Sent to Lord Marland, Lord Hanningfield, Lord Taylor of Holbeach, Lord Eden of Winton, and Lord Henley (all conservative peers) using http://writetothem.com. Feel free to use it as the basis of letters to other members of the House of Lords, or write to your MP! I’ll let you know if any of them reply.
Here are some links if you don’t know what all this is about:
Dear Lord XXXX
I write on behalf of myself and my wife to express our extreme concern at the government’s plan to sell off large tracts of publicly owned forest and woodland in England within the public bodies reform bill which is currently passing through the House of Lords.

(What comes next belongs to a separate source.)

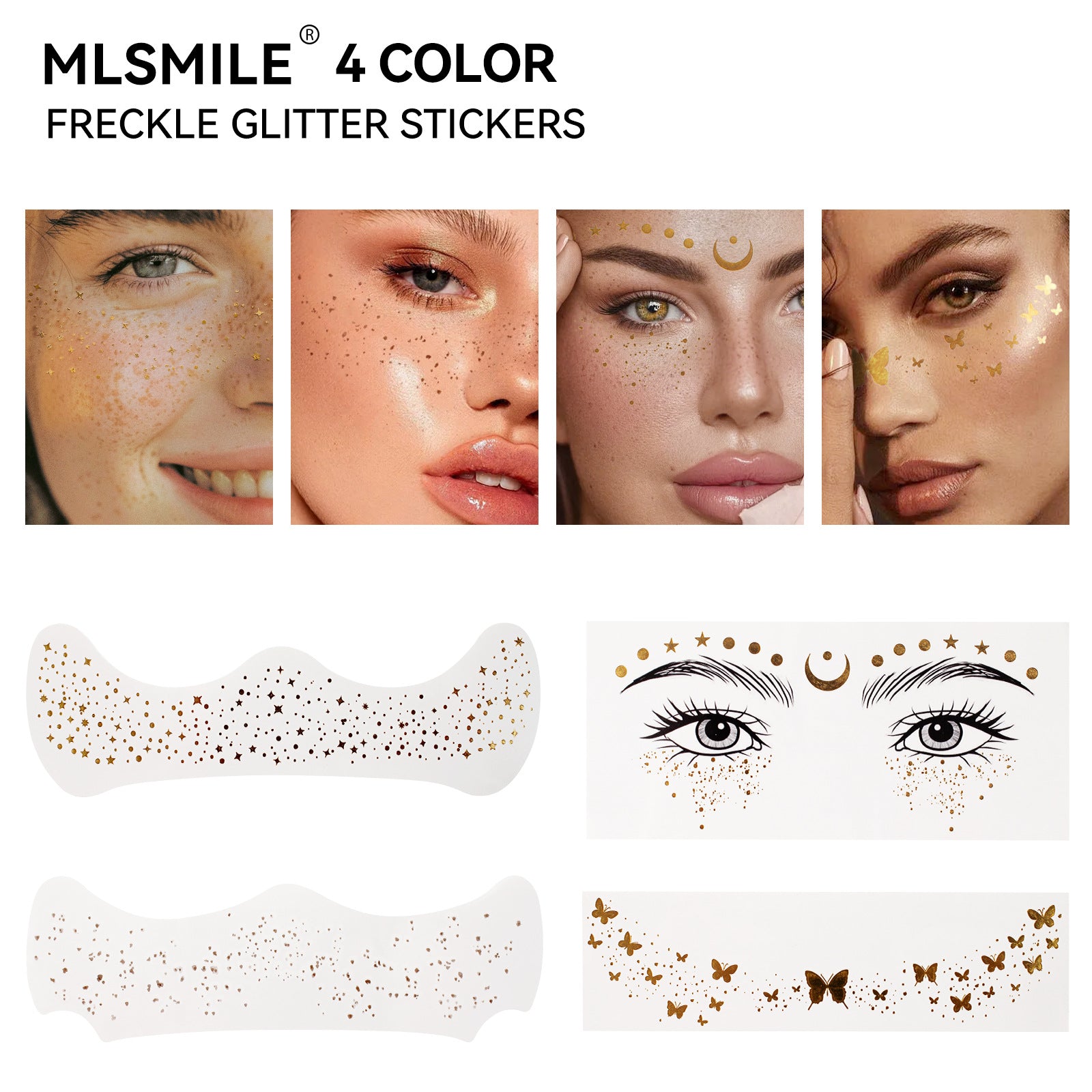 Waterproof Metallic Glitter Face Tattoo Stickers For Glitter Effect Shows And Makeup Stickers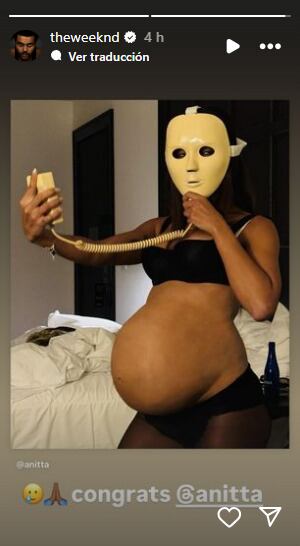 The Weeknd felicita a Anitta por su embarazo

We are dismayed at the betrayal of our national heritage that these proposals represent, for a trifling amount of money relative to our national debt (less than a days interest payments I believe). The sale risks the loss of ancient woodland, a rare and desperately important natural habitat for many endangered species. Although the environment minister has pledged that biodiversity would be protected, it must be the case that the preservation of these habitats must be less secure outside of public ownership (what plans are there for policing the protection of valuable woodlands when sold off?). Although protected in law, what is to stop a developer logging an ancient woodland, selling off the lumber, paying the necessary fine for breaking the law, and then building their hotel / golf course / shopping centre? Such disgraceful behaviour already occurs to listed buildings, so I find it hard to believe that the same unscrupulous businessmen won’t do the same to our woodlands.
A second serious concern is that of access. Forest / woodland in public ownership provides free access to the countryside for recreation to millions of people every year. Whilst some (but not all) access will be protected under the Countryside Rights of Way act, CRoW will not protect nature trails, maintained paths, car parks etc, and furthermore only covers access on foot, and much of the public recreation in forests is on horseback or bicycle. To loose these rights of access will deprive the people of this country now, and forever, full access to huge wooded areas of their country. To my mind this is absolutely unthinkable.
Finally, it is inevitable that the sell-off of the forestry commission will cost hundreds of jobs and is likely to loose much of the valuable skills and expertise these people have to the UK forestry sector.
I urge you to speak against these proposals at the third reading of the bill in the House of Lords and to share your concerns about this bill with other members of the House face-to-face. Furthermore, I would request that you engage with experts in the Woodland Trust and the Wildlife Trusts to learn their concerns for the biodiversity of our ancient woodlands (which have been likened to rainforests in their diversity and fragility).